COMPENSATION OF EXECUTIVE OFFICERS

     SALARY. In setting each executive officer's base salary, the Committee
considers quantitative measures related to the Corporation's financial
performance as well as a number of qualitative measures related to the
executive's duties and responsibilities. The Committee also uses compensation
studies provided by an independent consultant to compare the salary of its
executive officers with salaries of executive officers of other companies of
similar size and profitability, including, but not limited to, the companies in
the peer group used in connection with the Stock Performance Graphs on pages 12
and 13. The Committee does not use the market value or performance of the
Corporation's Common Stock as a direct factor in determining the base salaries
or bonuses of the executive officers. Increases in base salary are determined
from time to time based on the Corporation's financial performance. The base
salary of the Named Executives increased by an average of 3% from fiscal 1998 to
fiscal 1999. The increases for 1999 reflected general corporate performance,
based on sales, profits, expense control, unit growth and return on equity for
fiscal 1998.


                                        9
<PAGE>


     BONUS PROGRAMS. Since prior to fiscal 1988, the Corporation has had a
policy of granting incentive bonuses to its key employees (including executive
officers), referred to as the "Incentive Bonus Plan." In the first quarter of
each fiscal year, specific performance targets are identified for each
participant in the Incentive Bonus Plan, including both general corporate
measures of performance (such as sales, profits, expense control, unit growth
and return on equity) and specific measures of performance within the
participant's area of responsibility. After the end of such fiscal year, if the
participant remains employed by the Corporation, a bonus of up to a specified
percentage of the participant's salary (60% - 80% for executive officers in
fiscal 1999) will be paid, depending on the level of achievement of the
participant's performance targets. For executive officers, general corporate
performance measures and specific measures within the executive's area of
responsibility are included. Among these corporate performance measures, net
income is generally weighted most heavily. The bonus earned by the Named
Executives under the Incentive Bonus Plan for fiscal 1999 ranged from 58% to 74%
of salary. Each of the Named Executives elected to receive all or a portion of
the bonus in restricted stock pursuant to the Key Employee Annual Bonus Plan
described in the following paragraph, with the restricted stock vesting in three
years and with the market value of the shares of restricted stock equal to twice
the amount of the cash bonus on the date of grant.

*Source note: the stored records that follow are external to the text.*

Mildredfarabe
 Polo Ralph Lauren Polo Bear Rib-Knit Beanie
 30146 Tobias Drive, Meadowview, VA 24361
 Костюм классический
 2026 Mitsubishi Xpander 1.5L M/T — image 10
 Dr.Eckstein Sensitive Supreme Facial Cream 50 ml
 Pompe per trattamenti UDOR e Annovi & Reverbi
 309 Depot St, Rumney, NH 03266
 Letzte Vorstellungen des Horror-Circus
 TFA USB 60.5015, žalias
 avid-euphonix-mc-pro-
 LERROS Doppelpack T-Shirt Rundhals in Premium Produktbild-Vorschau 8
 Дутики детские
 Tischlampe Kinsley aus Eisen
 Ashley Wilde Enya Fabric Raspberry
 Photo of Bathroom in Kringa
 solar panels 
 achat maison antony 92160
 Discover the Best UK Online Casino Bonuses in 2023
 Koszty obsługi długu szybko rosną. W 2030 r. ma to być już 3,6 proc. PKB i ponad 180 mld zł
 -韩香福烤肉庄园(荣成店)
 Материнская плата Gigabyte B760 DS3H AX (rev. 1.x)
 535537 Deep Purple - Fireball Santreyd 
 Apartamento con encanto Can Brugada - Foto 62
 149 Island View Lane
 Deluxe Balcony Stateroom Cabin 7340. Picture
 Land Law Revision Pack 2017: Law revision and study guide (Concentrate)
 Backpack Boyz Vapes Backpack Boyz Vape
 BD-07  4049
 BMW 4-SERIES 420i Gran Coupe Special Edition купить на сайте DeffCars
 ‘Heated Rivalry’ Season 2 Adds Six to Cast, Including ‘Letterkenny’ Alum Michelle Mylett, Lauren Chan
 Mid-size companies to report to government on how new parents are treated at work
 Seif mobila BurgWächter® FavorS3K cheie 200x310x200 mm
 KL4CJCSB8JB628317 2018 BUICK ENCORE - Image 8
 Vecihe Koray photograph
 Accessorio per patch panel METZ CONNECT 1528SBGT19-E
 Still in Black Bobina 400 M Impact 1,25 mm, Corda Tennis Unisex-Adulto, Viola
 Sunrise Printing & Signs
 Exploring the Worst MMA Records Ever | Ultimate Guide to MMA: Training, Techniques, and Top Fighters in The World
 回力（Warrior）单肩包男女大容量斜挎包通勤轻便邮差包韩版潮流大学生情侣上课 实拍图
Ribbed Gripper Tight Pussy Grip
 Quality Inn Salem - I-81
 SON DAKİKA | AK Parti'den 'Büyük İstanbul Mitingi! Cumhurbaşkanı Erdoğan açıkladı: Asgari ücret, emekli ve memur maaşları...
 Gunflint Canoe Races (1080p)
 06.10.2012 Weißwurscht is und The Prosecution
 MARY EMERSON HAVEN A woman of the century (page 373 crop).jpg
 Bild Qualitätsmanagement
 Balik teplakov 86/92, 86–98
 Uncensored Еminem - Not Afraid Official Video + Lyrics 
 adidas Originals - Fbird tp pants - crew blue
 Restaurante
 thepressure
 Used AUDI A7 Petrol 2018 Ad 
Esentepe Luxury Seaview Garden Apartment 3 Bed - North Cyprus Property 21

     Pursuant to the Key Employee Annual Bonus Plan, adopted for fiscal 1993 and
subsequent years, the Committee may select those key employees (including
executive officers) who are eligible to participate in the plan. Prior to the
beginning of fiscal 1999, an employee selected for that fiscal year to
participate in the plan could elect to convert all or any portion of his or her
cash bonus under the Incentive Bonus Plan into a grant of restricted stock, with
the number of shares granted having a market value equal to twice the amount of
the cash bonus. The participant was required to be employed on the last day of
fiscal 1999 to receive the restricted stock grant for that fiscal year, and the
restricted stock was granted in January 2000. The restricted stock is
forfeitable for three years from the date of grant if the participant's
employment with the Corporation terminates for any reason other than death,
disability, retirement or a change of control. In addition, each employee
selected for the fiscal year to participate in this plan also receives a
non-qualified stock option, with the number of shares subject to the option
calculated as a percentage of base salary for the fiscal year based on
performance. The value of the shares subject to options for fiscal 1999 bonuses
ranged from 300 to 350% of the 1999 base salary for the Named Executives and
400% for the Chief Executive Officer. These options were granted in December
1999 with an exercise price based on the fair market value of the Corporation's
Common Stock at the closing price on the day preceding the date of grant.
Thirty-two employees, including all executive officers, were selected to
participate for fiscal year 1999 in the plan. In addition, 551 employees were
selected to participate in the Annual Option Bonus Plan, in which a participant
receives stock options, with the number of options calculated as a percentage of
base salary for the fiscal year based on performance.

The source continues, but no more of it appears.